Exercise: Copy each line below exactly as it appears. Pictures are to be omitted.

Data records:

========

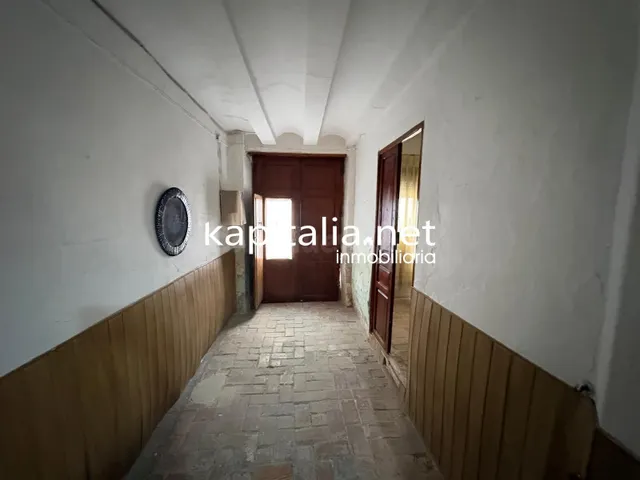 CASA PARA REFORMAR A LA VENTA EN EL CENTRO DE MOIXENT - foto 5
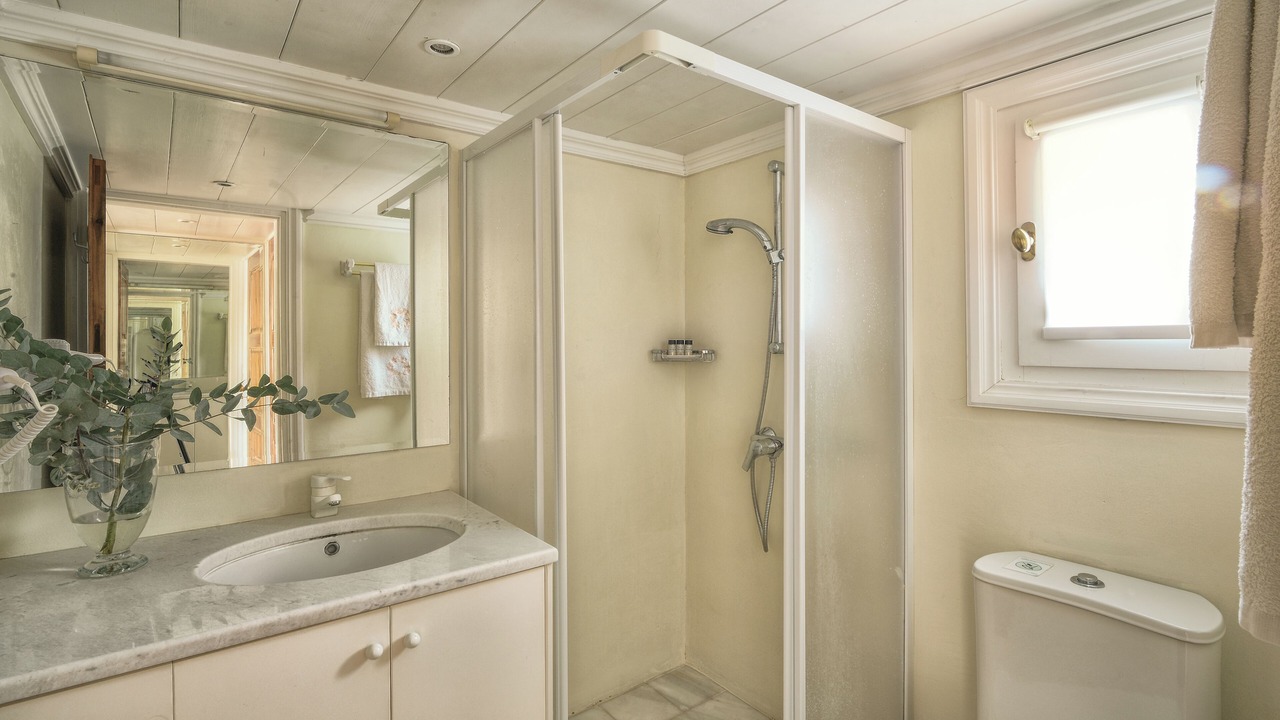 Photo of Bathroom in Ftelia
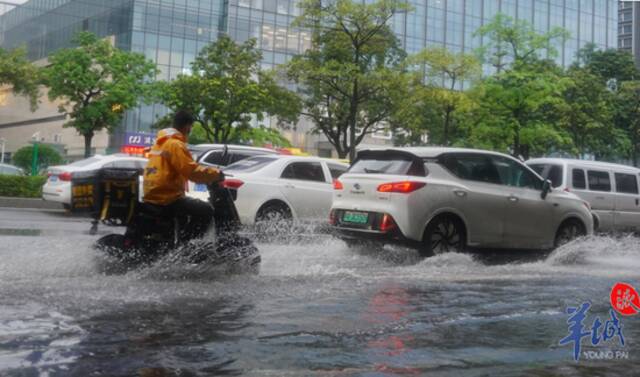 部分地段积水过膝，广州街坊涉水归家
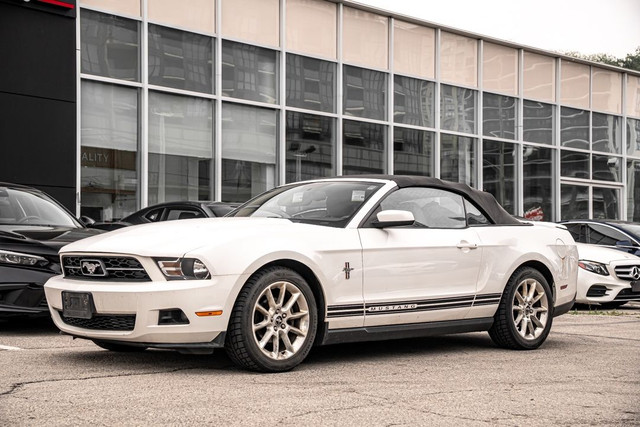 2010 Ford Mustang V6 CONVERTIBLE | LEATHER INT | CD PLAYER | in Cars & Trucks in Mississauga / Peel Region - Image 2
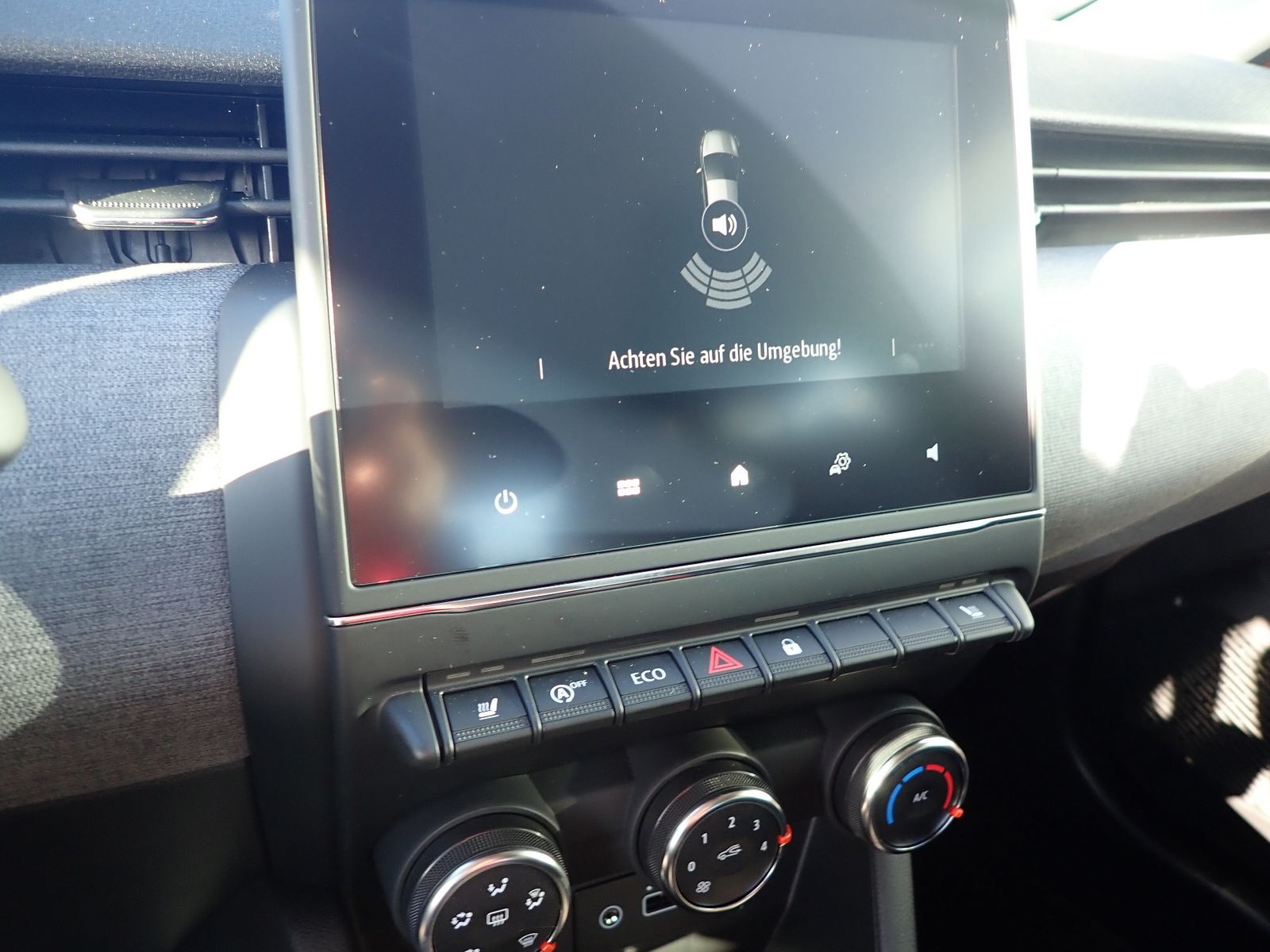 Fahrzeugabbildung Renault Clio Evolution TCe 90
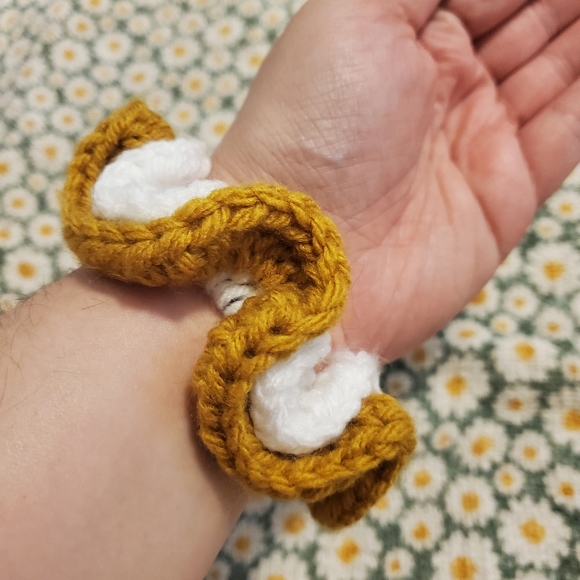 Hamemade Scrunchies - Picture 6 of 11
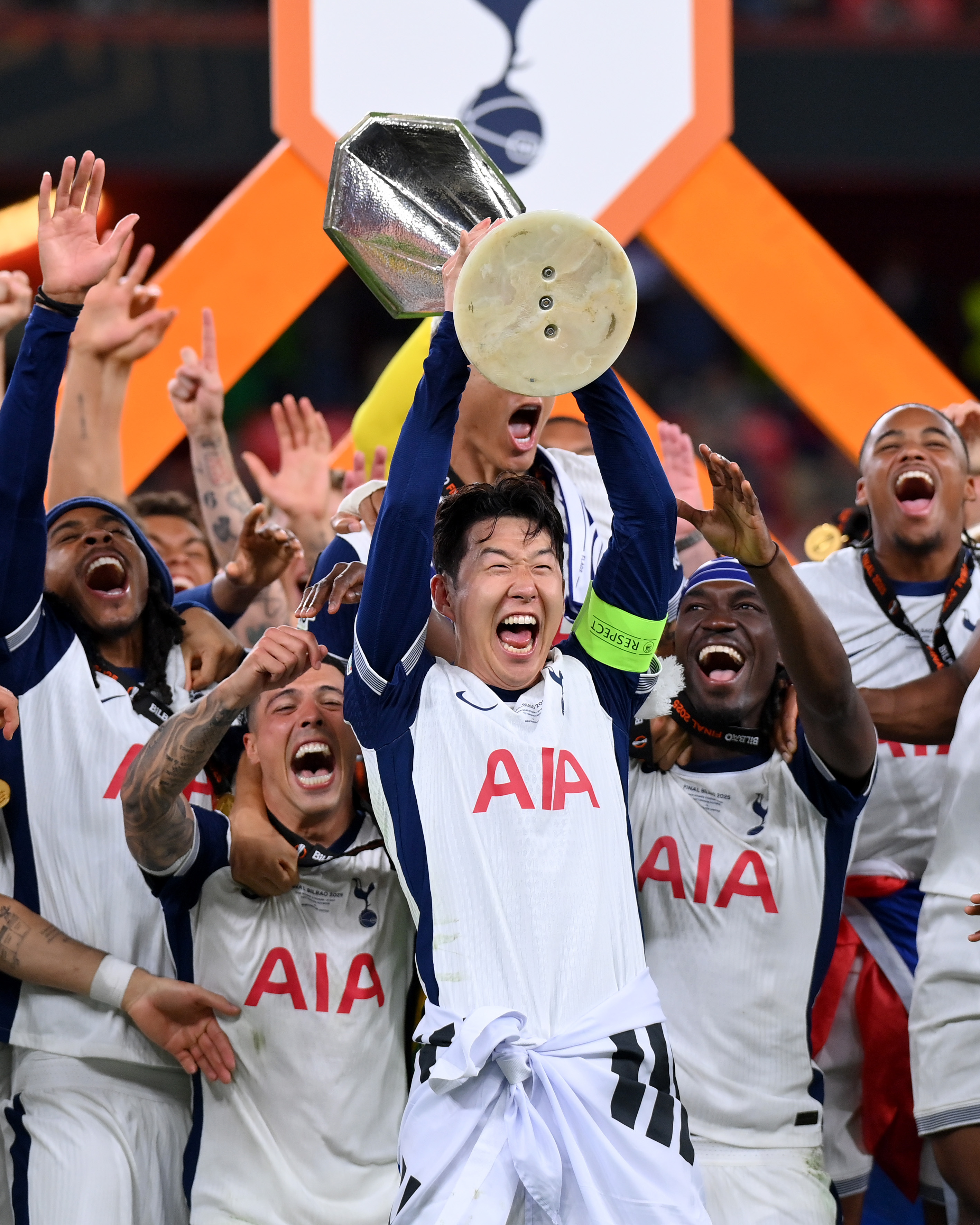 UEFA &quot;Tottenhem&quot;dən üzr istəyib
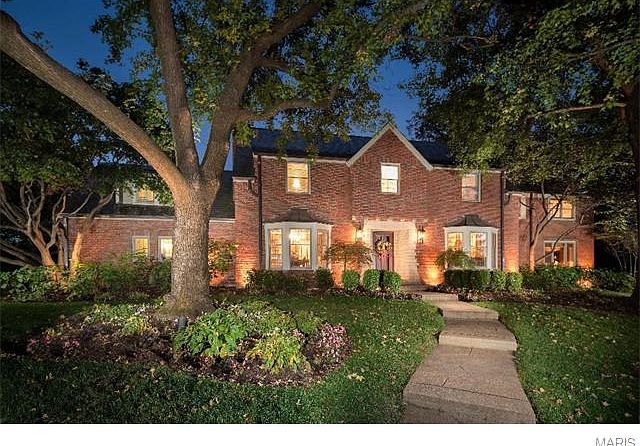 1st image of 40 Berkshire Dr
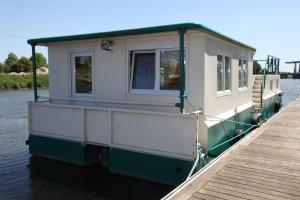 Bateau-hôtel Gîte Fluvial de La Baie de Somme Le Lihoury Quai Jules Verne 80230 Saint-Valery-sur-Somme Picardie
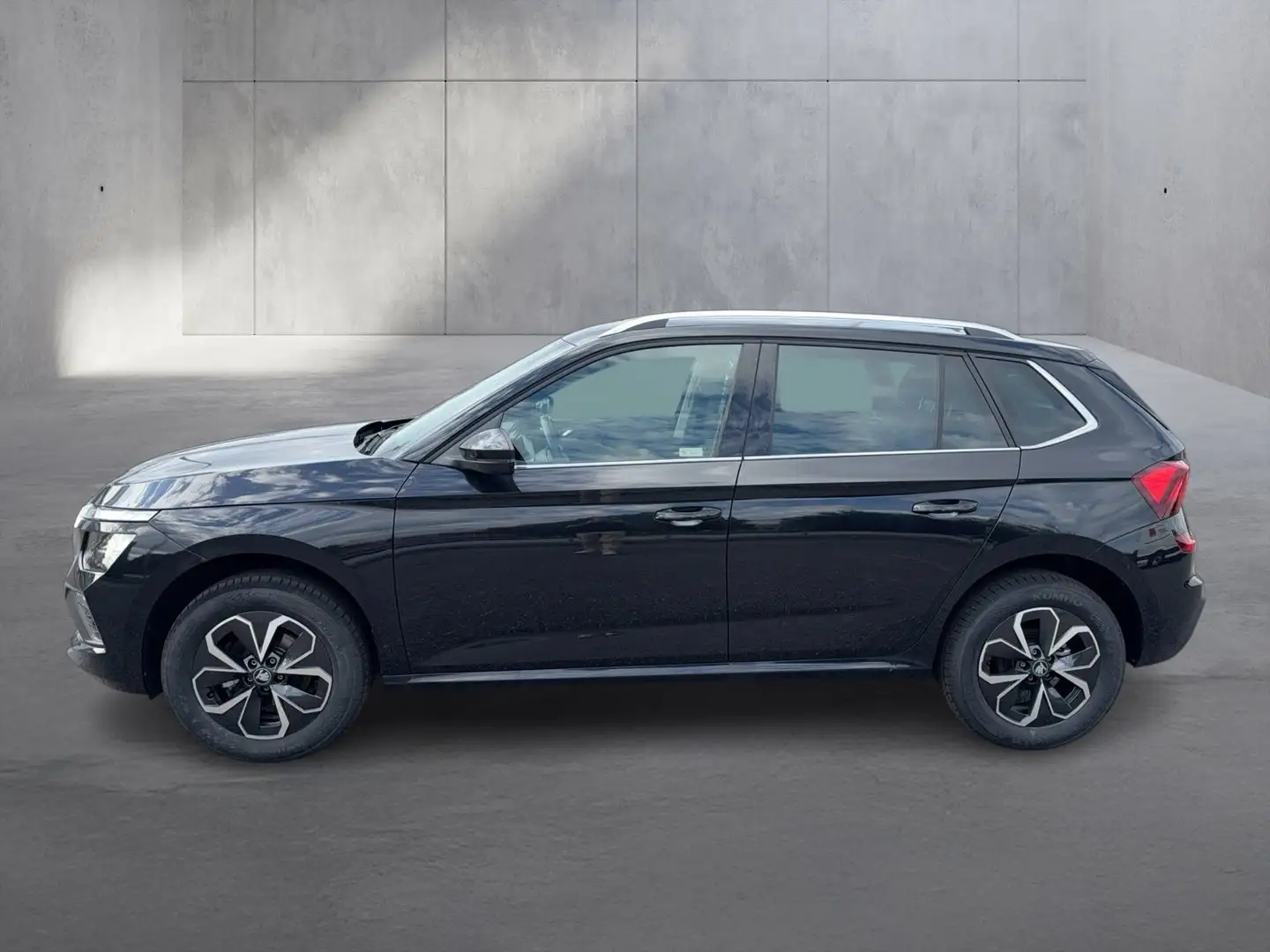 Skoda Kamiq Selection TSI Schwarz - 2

========

Result of this exercise:
 CASA PARA REFORMAR A LA VENTA EN EL CENTRO DE MOIXENT - foto 5
 Photo of Bathroom in Ftelia
 部分地段积水过膝，广州街坊涉水归家
 2010 Ford Mustang V6 CONVERTIBLE | LEATHER INT | CD PLAYER | in Cars & Trucks in Mississauga / Peel Region - Image 2
 Fahrzeugabbildung Renault Clio Evolution TCe 90
 Hamemade Scrunchies - Picture 6 of 11
 UEFA &quot;Tottenhem&quot;dən üzr istəyib
 1st image of 40 Berkshire Dr
 Bateau-hôtel Gîte Fluvial de La Baie de Somme Le Lihoury Quai Jules Verne 80230 Saint-Valery-sur-Somme Picardie
 Skoda Kamiq Selection TSI Schwarz - 2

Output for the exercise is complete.